EDIT: As far as monitors go, the size is a matter of preference. Most monitors in the 20-24" range should run at the standard HD resolution of 1920 by 1080 so there shouldn't be a difference in frame rate if that's what you're asking.


----------



## easyaddy (Dec 30, 2012)

Yea I'll go for an XFX or your recommended PSU... So is Overclock.co.uk a trusted distributor then? and what do you mean by the 'modular' version? sorry my tech knowledge is somewhat limited. 

Regarding the optical drive that was just me being an idiot and forgetting about it, although once I've installed the operating system (if i even need a drive for that), then i cant imagine I'll have much use for one, so may just get a blue ray drive at a later date.

And yes that was pretty much what i was asking about the monitors, i just wanted to make sure my system wasn't going to struggle to put a HD image on the screen due to weird ratios or to big a screen etc..

Thanks


----------



## Masterchiefxx17 (Feb 27, 2010)

Either PSU will do.

A 24" Monitor is nice, I currenty own one. And once you get a big monitor you'll never go back to a small one :grin:


----------



## Tyree (May 10, 2009)

The XFX PSU is the better bang for buck and is made by SeaSonic.
Modular refers to more individual cabling to make a neater install.
You can never go wrong with Samsung monitors for quality/support. Acer & Asus are also good.


----------



## Vadigor (Apr 19, 2009)

easyaddy said:


> Yea I'll go for an XFX or your recommended PSU... So is Overclock.co.uk a trusted distributor then?


I couldn't say as I haven't used the site before, I just used it because you linked to it. I personally use Amazon UK for most everything I order online. Delivery is safe, fast and free and their support is also very decent as you would expect. Unfortunately they don't stock a lot of XFX or Seasonic PSUs.



easyaddy said:


> and what do you mean by the 'modular' version? sorry my tech knowledge is somewhat limited.


Normal PSUs have all power cables hardwired into them. Modular versions allow you to to connect only the cables you need to the PSU, reducing clutter inside the case and this can make cable and airflow management easier. However, you'll also pay a premium as these versions can cost between 20 and 40 pounds more than the regular edition. For you, the normal version is the way to go, unless you find a modular unit for about the same price, as is the case with that overclockers link.



> Regarding the optical drive that was just me being an idiot and forgetting about it, although once I've installed the operating system (if i even need a drive for that), then i cant imagine I'll have much use for one, so may just get a blue ray drive at a later date.


There are ways of converting an OEM disk into a bootable USB drive (link untested) or you can temporarily connect a ODD from another build.


----------



## easyaddy (Dec 30, 2012)

Are there any threads in this section regarding reputable distributors?
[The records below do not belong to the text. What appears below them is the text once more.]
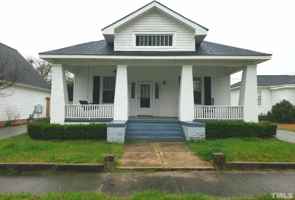 featured image of 204 E Davis St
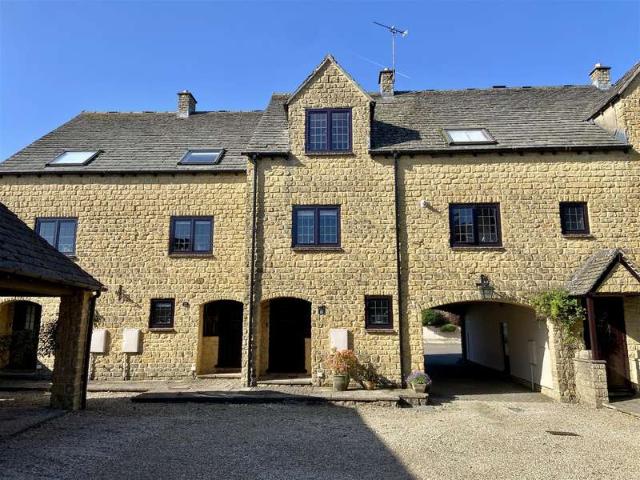 2 Bedroom Town House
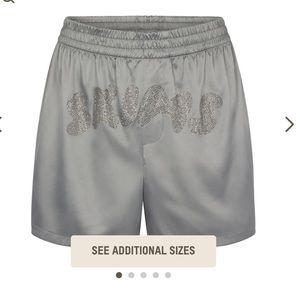 SKIMS Woven Shine Boxer Short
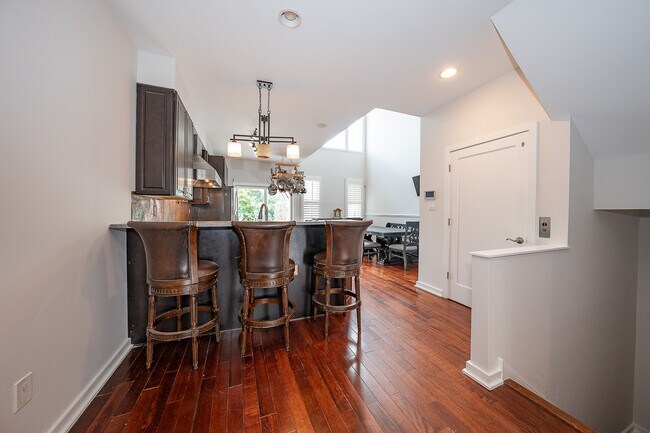 Photo - 601 Poplar St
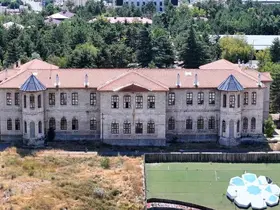 Sivas’ta 1 buçuk asırdır kesintisiz eğitim veren mektep günümüzde de eğitime ışık tutuyor
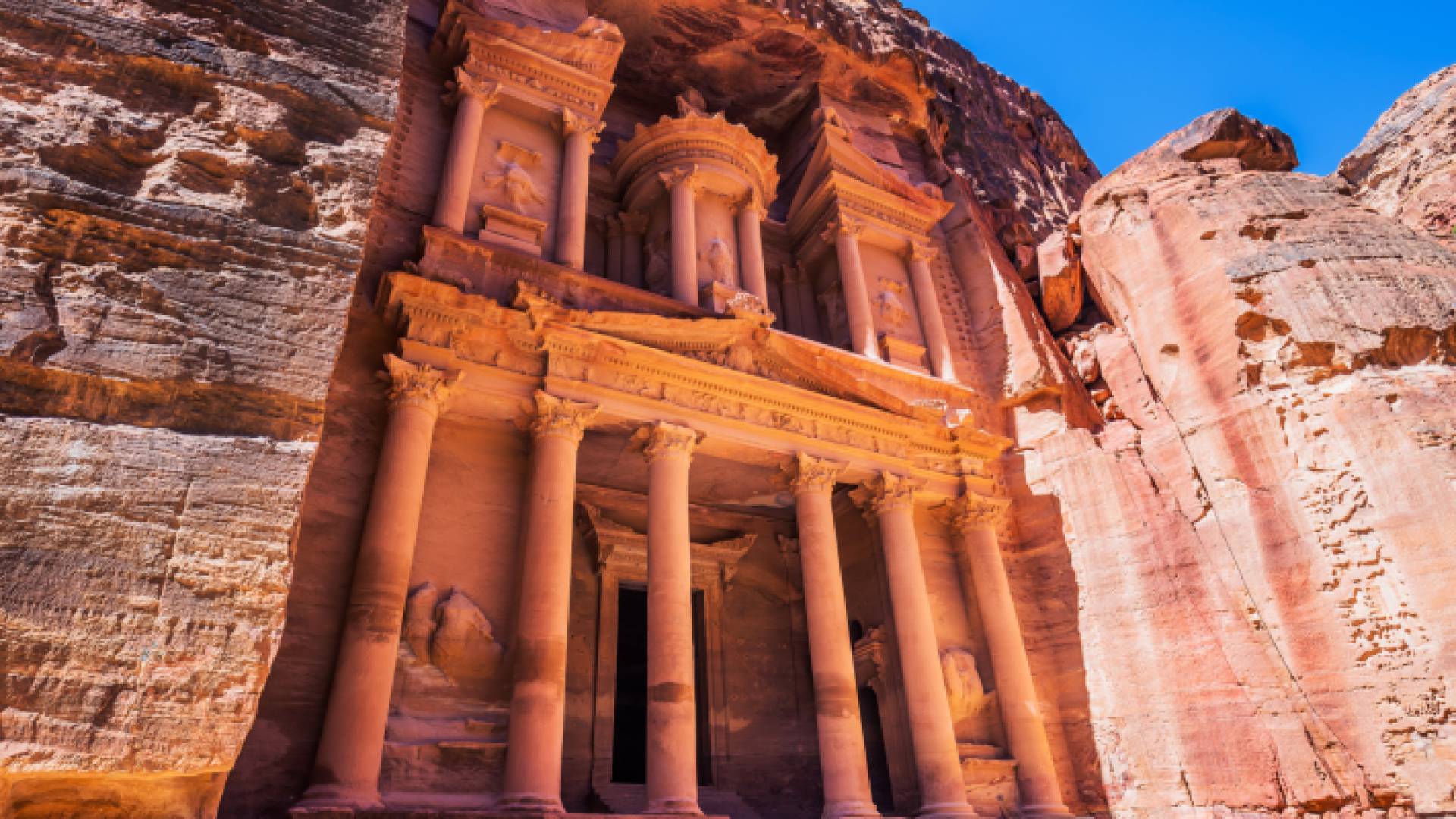 الخزنة في مدينة البترا الأثرية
If not I'll start one, may be beneficial, (especially for beginners like me). 

Yea ill probably just use an ODD knocking around at work, as you advise. 

Thanks guys, anything else you'd like to add about my build that you think would be good for me to know please go ahead. The one thing I am a bit unsure of is my choice in graphics card, any comments or thoughts regarding the one I've chosen? 

Thanks again.


----------



## Tyree (May 10, 2009)

easyaddy said:


> Are there any threads in this section regarding reputable distributors?


Scroll to the bottom of the link:
http://www.techsupportforum.com/for...ams-recommended-new-builds-2012-a-668661.html


----------



## Vadigor (Apr 19, 2009)

easyaddy said:


> Thanks guys, anything else you'd like to add about my build that you think would be good for me to know please go ahead. The one thing I am a bit unsure of is my choice in graphics card, any comments or thoughts regarding the one I've chosen?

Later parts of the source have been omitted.